Met de invoering van het nieuwe zorgstelsel werd beloofd dat de burger centraal zou staan. De gemeenten kregen meer verantwoordelijkheden, omdat die hun inwoners beter zouden kennen en dus beter zouden weten welke zorg iemand nodig heeft. De zorg zou daardoor toegankelijker en meer op maat zijn.
Volgens de ombudsman zijn de regels te ingewikkeld en ervaren burgers een bureaucratische rompslomp. Daardoor lukt het burgers vaak niet of nauwelijks om zorg voor zichzelf te regelen en vallen ze dus buiten de boot.
Dat hokjesdenken blijft de toegang tot zorg belemmeren.

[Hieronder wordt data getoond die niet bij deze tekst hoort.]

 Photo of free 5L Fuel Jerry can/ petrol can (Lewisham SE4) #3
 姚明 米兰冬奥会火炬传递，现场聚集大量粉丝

Eerder concludeerden onder meer belangenorganisatie Ieder(in), het Sociaal en Cultureel Planbureau en de Raad voor Volksgezondheid en Samenleving al dat het mensen te moeilijk wordt gemaakt om de juiste zorg te krijgen.
Zo zei Ieder(in) vorig jaar al dat het systeem vol fouten zit en dat langdurig zieken en chronisch gehandicapten aanlopen tegen maandenlange procedures, niet-deskundige ambtenaren en ondoorzichtige regels.
Gemeente of Rijk?
Een bekend voorbeeld zijn ouderen met dementie die nog thuis wonen en op een wachtlijst van een verpleeghuis komen. Zolang ze thuis wonen, worden hun huishoudelijke hulp, dagbesteding en wijkverpleging door gemeenten en zorgverzekeraars betaald. Zodra ze naar een verpleeghuis moeten, vallen ze onder de Wet langdurige zorg (Wlz), waarvoor de Rijksoverheid opdraait. Dat geldt ook als er geen plaats is in een verpleeghuis en mensen op een wachtlijst terechtkomen.
Het gevolg is dat ouderen die op de wachtlijst staan, maar nog wel thuis wonen minder zorg krijgen dan ze nodig hebben. De gemeente zet namelijk de financiering van dagbesteding en hulp in het huishouden stop zodra ze op de wachtlijst staan.
De ombudsman vindt dat mensen in zo'n geval een overbruggingskrediet moeten krijgen. Ook adviseert hij de gemeenten, het Rijk en de zorgverzekeraars minder in hokjes te denken, goed samen te werken en burgers door te verwijzen naar de juiste plek.